Son zamanlarda özellikle büyük kentlerde mantar gibi bitmeye başlayan, değerlerinin çok üzerinde fiyatlarla satılan ve özellikle İstanbul’u sonu gelmeyen bir inşaat sahasına dönüştüren devasa konut projeleri de hem fiziki hem manevi olarak bu sürecin parçaları. Dip dibe yapılan yüksek yapıları, kapalı duvarlar ardında kent hayatından tecrit edilmiş 'doğal' alanları, üç karışlık göstermelik bahçeleri, az sayıda insanın kullandığı orta karar sosyal tesisleriyle bu yapılar, aslında 'sosyal konut' sınıfına girip gayet uygun fiyatlarla satılmaları gerekirken, akıllara durgunluk veren fiyatlara satılıyor. Bu projelerin yatırım aracı ve/veya ayrıcalık olarak görülmesini sağlayan basındaki promosyon çalışmaları da tam bir “inşa” süreci: İnşaatı yapıyorsunuz, milleti bunun “doğru şey” olduğuna ikna ediyorsunuz, maddi inşaatın arkasından manevi inşa başlıyor, kurgu gerçeği yeniyor, para gene kazanıyor…"
'Orient Express' bir seriye ait olmayan tekil bir iş olarak üretildi. “Oryantalizm” adlı kitabında Edward Said söz konusu terimi, 18. ve 19. yüzyıllardaki Avrupa kaynaklı emperyalist tavırlarıyla Batı’nın hem akademik hem de artistik boyutlarda Doğu’yu küçümseme geleneğine dikkat çekmek için kullanır. Bu anlamda terim, yabancıların Doğu kültür ve halklarına dair önyargılarına işaret eder.
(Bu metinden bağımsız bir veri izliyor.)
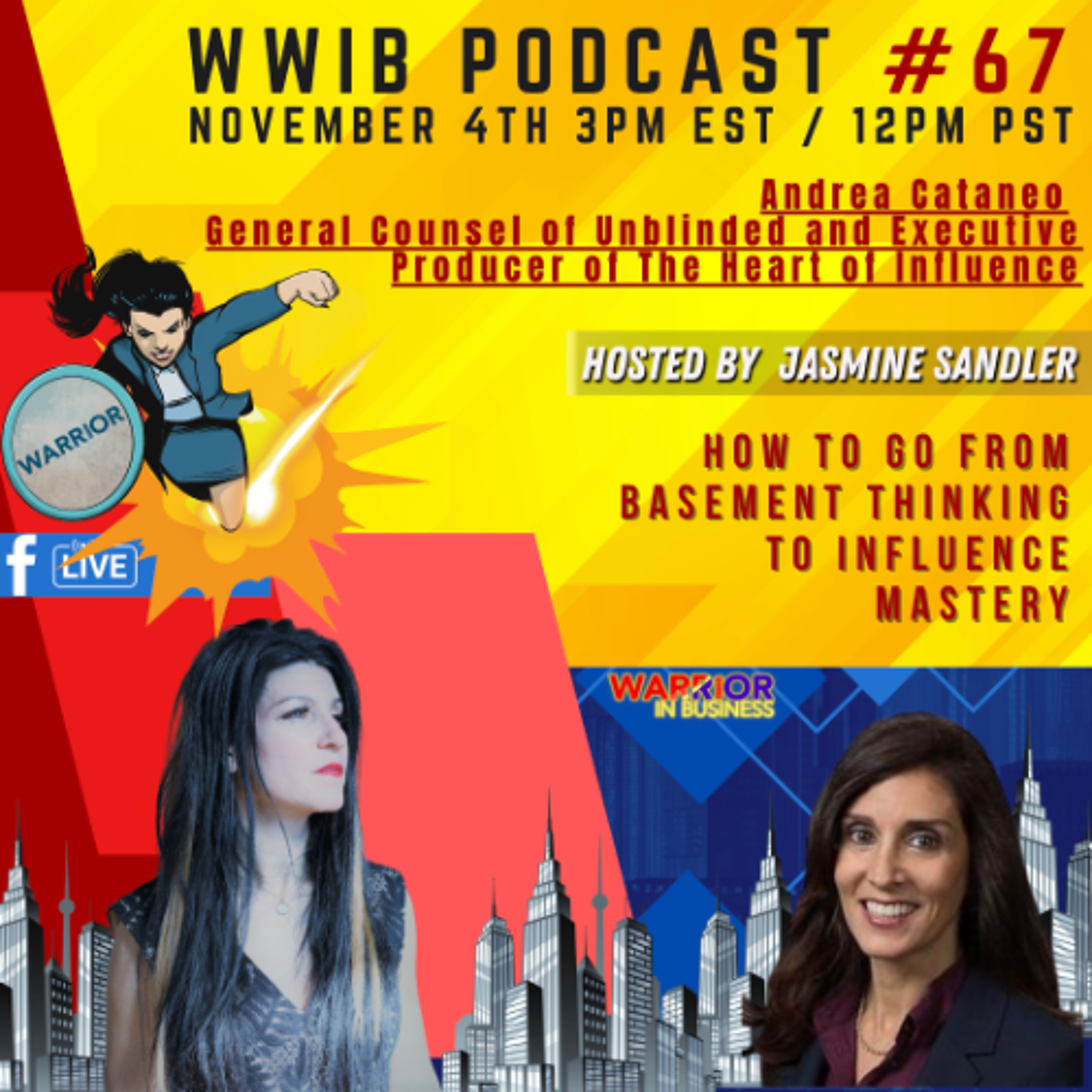 #WarriorWomen in Business Podcast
Murat Germen ve Elif Ayiter’in ortaklaşa ürettikleri bu eser, birinci hayatımız olan gerçek hayatı Second Life adlı sanal bir ikinci yaşam ortamıyla bir araya getirmeyi; önyargılar, şovenizm ve bağnazlıktan mahrum “bir-buçuk-hayatlık” bir boyut oluşturmayı amaçlıyor. İki dünyayı birleştiren bu eser Murat Germen’in fikriyle ortaya çıktı ve onun çektiği “gerçek” bir panoramik fotoğrafın üzerine, Second Life ortamında Elif Ayiter’e sipariş edilen dört avatarın çeşitli pozlardaki görüntüleri, bir senaryo çerçevesinde Germen tarafından yerleştirildi.
Şark Ekspresi’ne İstanbul’dan binmekte olan insanların öngörülmedik çeşitliliği, Doğu’ya açılan önemli kapılardan biri olan bu mistik kentin beklenmedik afallatıcı potansiyelini aktarmayı amaçlıyor. Sürpriz tecrübeyi zenginleştirir; birinci ve ikinci hayatlar arasındaki denge adalet sağlar, tutucu türdeşlik yerine melezliğin devreye sokulması peşin hükümlere karşı durmanın yollarından biri gibi duruyor."